AnswerDotAI / byaldi

Use late-interaction multi-modal models such as ColPali in just a few lines of code.
Apache License 2.0
626 stars 60 forks source link

Support for searching with query image #27

Open nuschandra opened 2 months ago

nuschandra commented 2 months ago

Hi @bclavie & team,

I currently don't see support for searching through an index with a query image instead of a text query. I understand that there is an encode_image option but that only provides the embeddings of the query image and not a full search through the indexed documents along with maxsim calculations. It would be really nice to have support for querying with an image too.

nuschandra commented 1 month ago

@bclavie If you think that this would be a useful feature, I'd be happy to contribute and raise a PR for the same.

bclavie commented 1 month ago

Hey! It'd actually be a completely experimental feature since it's not even done in the paper, but I'd be happy to include it under a beta flag if you would like to contribute it!

nuschandra commented 1 month ago

@bclavie Thanks for your response! Sure, yes I understand.
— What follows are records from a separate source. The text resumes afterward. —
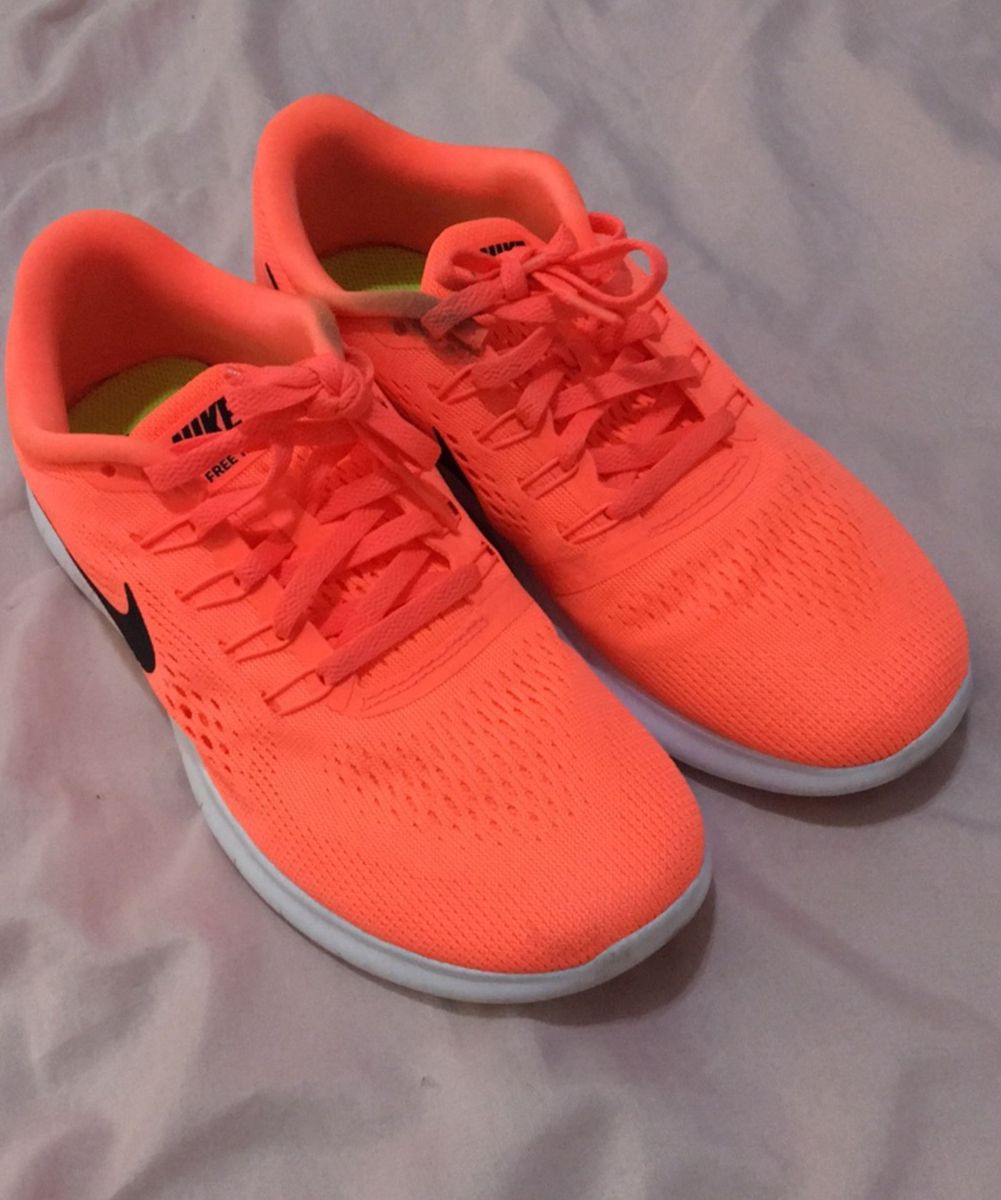 air max laranja fluorescente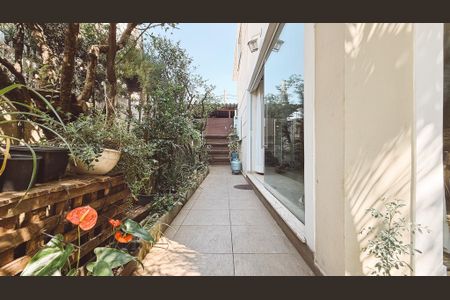 Casa à venda com 240m², 4 quartos e 4 vagasCorredor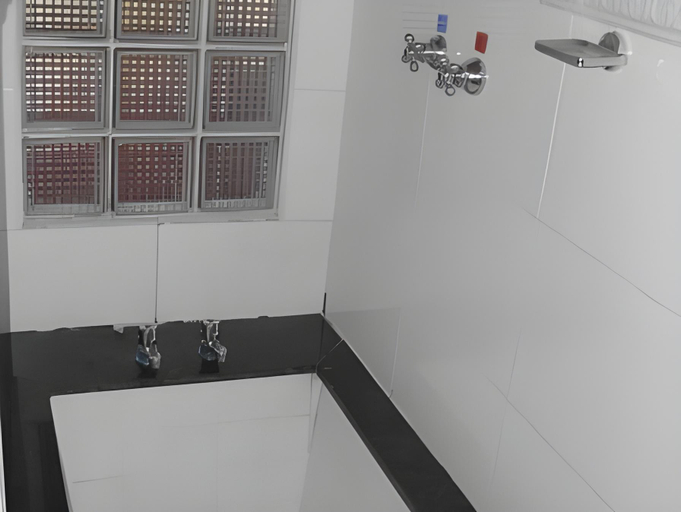 Bathroom 13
In terms of the logic it remains the same i.e. process_images would return pixel_values & input_ids for the prompt (just like when we do indexing). If we are searching by image, we just make the forward call with both pixel_values and input_ids and get the embeddings which can later be used for maxsim calculations. I will make the code changes later this week and raise a PR .

sergenerbay commented 4 weeks ago

Hi, I need the same feature. Have you completed the code?